A decisão tem poucos efeitos práticos - Baltasar Garzón foi já excluído da magistratura -, mas o antigo juiz da Audiência Nacional espanhola conseguiu ontem uma pequena vitória, ao ser absolvido no processo em que era acusado de ter excedido as suas competências quando, em 2008, tentou abrir uma investigação aos crimes da ditadura franquista.
“O Supremo Tribunal conseguiu evitar um escândalo de proporções maiores”, reagiu a Human Rights Watch, sublinhando que “a investigação a crimes de tortura e desaparecimento nunca pode ser considerada um delito”. O grupo de defesa dos direitos humanos foi uma das organizações a enviar observadores a Madrid para assistir ao mais mediático dos três processos desencadeados contra Garzón naquela instância. Também a Comissão Internacional de Juristas saudou a absolvição, mas acrescentou que é tempo de “Espanha decidir se quer ou não enfrentar o seu passado”.
O caso chegou a tribunal pela mão de duas associações próximas da extrema-direita que pediam que o antigo magistrado fosse punido com uma multa de 21 mil euros e a proibição de exercer durante 20 anos. O seu crime: ter-se declarado competente para investigar o desaparecimento de milhares de opositores ao regime de Francisco Franco (1936-1975) e autorizado escavações em 19 locais onde se suspeita existirem valas comuns, ignorando a amnistia aprovada aquando da transição para a democracia.
Na sentença conhecida ontem - aprovada por seis votos contra um -, o Supremo Tribunal conclui que Garzón cometeu erros quando aceitou investigar as denúncias apresentadas por 22 associações de familiares das vítimas, mas sublinha que tais falhas “não constituem delito de prevaricação”.
Um dos seus erros, alegam os juízes, foi o de tipificar os desaparecimentos como crimes contra a humanidade, um conceito criado por legislação que só seria aprovada anos mais tarde. Da mesma forma, o Supremo entendeu que os factos em causa estão abrangidos pela Lei da Amnistia, aprovada em 1977 com um “consenso total” de todos as forças representadas na Assembleia Constituinte. “Trata-se de uma lei vigente cuja eventual anulação é competência exclusiva do Parlamento”, lê-se na sentença.
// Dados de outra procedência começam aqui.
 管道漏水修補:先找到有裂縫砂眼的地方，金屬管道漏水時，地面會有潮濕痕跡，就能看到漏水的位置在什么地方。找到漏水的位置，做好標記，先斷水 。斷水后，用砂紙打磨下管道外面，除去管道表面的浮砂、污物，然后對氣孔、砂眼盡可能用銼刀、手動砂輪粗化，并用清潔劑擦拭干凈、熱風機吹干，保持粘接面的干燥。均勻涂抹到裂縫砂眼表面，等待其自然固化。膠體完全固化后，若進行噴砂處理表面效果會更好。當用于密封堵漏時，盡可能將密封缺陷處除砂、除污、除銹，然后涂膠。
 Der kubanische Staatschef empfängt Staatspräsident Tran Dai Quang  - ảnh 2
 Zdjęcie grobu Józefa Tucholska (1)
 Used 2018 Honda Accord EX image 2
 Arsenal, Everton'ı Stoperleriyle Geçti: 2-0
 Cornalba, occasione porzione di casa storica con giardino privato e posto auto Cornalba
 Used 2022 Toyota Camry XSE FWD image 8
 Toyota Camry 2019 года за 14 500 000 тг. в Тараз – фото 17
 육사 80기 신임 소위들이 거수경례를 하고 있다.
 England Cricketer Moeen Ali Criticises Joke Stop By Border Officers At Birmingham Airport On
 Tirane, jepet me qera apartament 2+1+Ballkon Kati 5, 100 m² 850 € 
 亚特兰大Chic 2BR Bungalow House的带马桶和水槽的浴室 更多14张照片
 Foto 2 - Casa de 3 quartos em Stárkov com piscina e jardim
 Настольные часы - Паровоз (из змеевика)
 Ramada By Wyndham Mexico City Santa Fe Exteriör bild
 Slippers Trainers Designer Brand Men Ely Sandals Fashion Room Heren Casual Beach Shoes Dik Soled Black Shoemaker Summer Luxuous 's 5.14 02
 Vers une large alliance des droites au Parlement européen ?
Garzón, que na última audiência se dissera de “consciência tranquila” por ter tentado “punir os crimes maciços” cometidos durante a ditadura, manteve ontem o mesmo silêncio que adoptou desde que foi condenado, no início do mês, por ter ordenado escutas entre acusados e advogados no âmbito do caso Gurtel, como ficou conhecida a investigação à rede de corrupção e lavagem de dinheiro envolvendo o Partido Popular valenciano.
Pelo caso, Garzón ficou proibido de exercer durante 11 anos - uma condenação que representou o fim da carreira judicial do homem que, em 1998, se tornou mundialmente famoso ao ordenar a prisão do ex-ditador chileno Augusto Pinochet.